Near the end of more than 14 hours of questioning, Nathaniel Damian Marr acknowledged that he fatally shot a young man who he believed had killed his cousin, a Prince George's County detective testified yesterday on the opening day of Marr's murder trial.

The circumstances of the interrogation are an issue in the trial. Police arrested Marr while his attorney was trying to arrange a surrender, and they acknowledge that they ignored the offer because they wanted an opportunity to question Marr alone.

After his arrest on a warrant in a separate, nonfatal shooting, Marr waived his right to an attorney, according to Detective Sgt. Joseph McCann. During the long night of questioning that followed, Marr, 22, admitted to shooting Arthur Carroll on Dec. 2, but he offered conflicting reasons, McCann said.

At first, according to McCann, Marr said the shooting was in retaliation for the slaying four days earlier of his cousin, Ronald Anthony "Cheese" Muse, but in a written statement, Marr said he shot in self-defense.

In his opening statement and in questioning McCann and another detective, Assistant Public Defender Gary Ward did not challenge the substance of his client's statements to police, but did question whether they were properly obtained. Ward said Steven Kupferberg, an attorney for Marr at the time, had told police orally and in writing that he represented Marr and wanted to arrange his surrender.

That offer was ignored, Ward said.

"Sometimes the police exceed their authority," Ward said. "Sometimes they don't abide by the rules that govern them. This is that kind of case."

Under cross-examination by Ward, both McCann and Detective Troy Harding testified that they were aware that Kupferberg had contacted police about arranging a surrender. Once they had the suspect in custody, they both said, they notified Marr of his right to an attorney, and he never asked for one.

Harding testified that he notified Marr of his rights when speaking to him. McCann testified that he gave Marr a form describing those rights and that Marr initialed boxes indicating he was waiving them. That form was entered into evidence.

Nor did Marr object to the length of the questioning, which began about 1 p.m. Dec. 30 and ended about 3:45 a.m. Dec. 31, the detectives testified.

Marr is charged with murdering Carroll, attempting to murder a cabdriver who was injured in the attack and other related crimes. A Prince George's Circuit Court jury last week convicted an alleged accomplice, Curtis Windell Alston, 22, of first-degree murder, first-degree assault in the wounding of the cabdriver and use of a handgun in the commission of a crime of violence.

McCann testified yesterday that Marr gave the following account:

Bent on revenge, he and Alston went looking for Carroll, 22, at the Seat Pleasant home he shared with his grandmother. As they arrived, they saw Carroll leave the house and get into a taxicab.
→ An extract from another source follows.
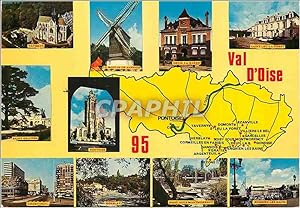 Carte Postale Moderne Val d'Oise Pontoise Taverny Moulin de Sannois Saint Leu la forêt Saint grat...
Marr allegedly told the detectives, "I knew I had to do something." Along with Alston, he fired into the cab at Carroll. But in a written statement, he said he fired only after Carroll seemed to reach for a weapon.

Alston faces up to life without parole in the slaying when Circuit Court Judge Richard H. Sothoron Jr. sentences him Aug. 12.

The Carroll slaying was one of at least 21 slayings that have occurred in and around Seat Pleasant during the last three years--violence spurred by friction among loosely knit gangs.